All things come to an end and its time to go home. We decided to stop over night at Le mans again, this time in a slightly different place.
Reports of the disruption with the ferries and the tunnel was giving us some food for thought though. On tuesday we left the gite and were making good time until we were about 14k from Le Mans. I had slowed down to about 115 KPH as we were getting near to our exit, when I heard that grinding noise. The front tyre had gone completely flat. Quite annoying as I had had 4 new tyres about 2 months before.

Near Le Mans

Fortunately the Gendarmes turned up tout suite but it took about 2 hours and a bit to get lifted on a truck and of the Autoroute and a tyre change. we did manage to find a bit of shade, but I did not have quite the right outfit for scrambling through brambles.
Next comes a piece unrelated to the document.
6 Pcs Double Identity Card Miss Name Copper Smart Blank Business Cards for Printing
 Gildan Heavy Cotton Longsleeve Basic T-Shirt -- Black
It was also about 37c and we were getting a bit low on water by then. Unfortunately the spare was knackered so we limped in to le Mans off having come off the Autoroute. After arriving at our accommodation we had to figure out a plan. We did not at this point know if Le shuttle was running either. After a very hot and sleepless night we had avery quick breakfast and drove off to find a tyre fitters. we found a Mr speedy (French quickfit but better) and using some very bad French and sign language got the tyre changed, however there was another problem, the very through mechanic invited us in to the workshop to feat our eyes on the back of the rear break drum which was liberally coated in brake fluid. he opened it up and the cylinder had failed and there was an interesting mess of broken seal and gunge inside. After more bad french he said he could sort it and it would take une huere, and true to his word it did.
I suspect because they needed to get it done before lunch

At just about 12.15 we were rolling again and needed to get to Calais for a 4.50 check-in. The first hour we had to hold the speed down to get the tyres run in then there was the usually slow bit going around Rouen then 130 kph to the port apart from a quick pit stop to wee. As we approached Calais the tale end of the dreaded buchon loomed in to sight but fortunately the passenger shuttle lanes were clear and we checked in and quite quickly got loaded. We did spot a few guys wandering about on the side of the road eyeing up the trucks, but not much else.

At this point there was a technical fault on our train as the smoke/fire alarm had gone off so the train left about an hour later than it was scheduled.

At the Kent side it soon got interesting as the M20 was closed and being turned in to a giant Lorry park so much wandering about to get to Maidstone where the M20 was open again. Finally got through my front door at about 10.00.